#### Exercise details
Search the material for lines containing the word "Villa", and copy each one.

#### Given data
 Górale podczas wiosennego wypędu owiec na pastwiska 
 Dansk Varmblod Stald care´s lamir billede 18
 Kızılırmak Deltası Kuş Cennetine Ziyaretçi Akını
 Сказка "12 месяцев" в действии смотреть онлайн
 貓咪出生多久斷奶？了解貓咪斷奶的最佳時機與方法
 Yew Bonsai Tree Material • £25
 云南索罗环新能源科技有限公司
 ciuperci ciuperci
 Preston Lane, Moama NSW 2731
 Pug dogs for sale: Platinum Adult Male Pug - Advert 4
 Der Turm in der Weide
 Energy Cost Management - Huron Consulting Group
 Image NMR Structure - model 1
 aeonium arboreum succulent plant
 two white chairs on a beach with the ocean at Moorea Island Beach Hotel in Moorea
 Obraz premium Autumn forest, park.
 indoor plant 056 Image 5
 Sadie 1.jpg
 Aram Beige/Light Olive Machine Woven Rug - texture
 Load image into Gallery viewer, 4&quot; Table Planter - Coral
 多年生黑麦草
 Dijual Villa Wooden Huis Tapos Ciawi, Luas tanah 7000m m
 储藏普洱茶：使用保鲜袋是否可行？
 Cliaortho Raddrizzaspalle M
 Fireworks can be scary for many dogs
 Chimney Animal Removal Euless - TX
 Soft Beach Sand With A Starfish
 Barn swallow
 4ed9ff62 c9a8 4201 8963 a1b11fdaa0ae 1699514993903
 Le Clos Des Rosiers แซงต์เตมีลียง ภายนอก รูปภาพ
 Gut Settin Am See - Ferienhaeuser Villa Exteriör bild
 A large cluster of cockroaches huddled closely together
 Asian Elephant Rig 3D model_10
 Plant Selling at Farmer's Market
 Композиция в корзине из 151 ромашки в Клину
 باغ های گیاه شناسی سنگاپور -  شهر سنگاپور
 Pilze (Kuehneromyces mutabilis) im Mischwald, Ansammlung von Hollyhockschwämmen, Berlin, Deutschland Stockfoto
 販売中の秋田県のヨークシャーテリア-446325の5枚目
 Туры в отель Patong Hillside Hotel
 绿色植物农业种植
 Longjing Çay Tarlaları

#### Written reply
 Dijual Villa Wooden Huis Tapos Ciawi, Luas tanah 7000m m
 Gut Settin Am See - Ferienhaeuser Villa Exteriör bild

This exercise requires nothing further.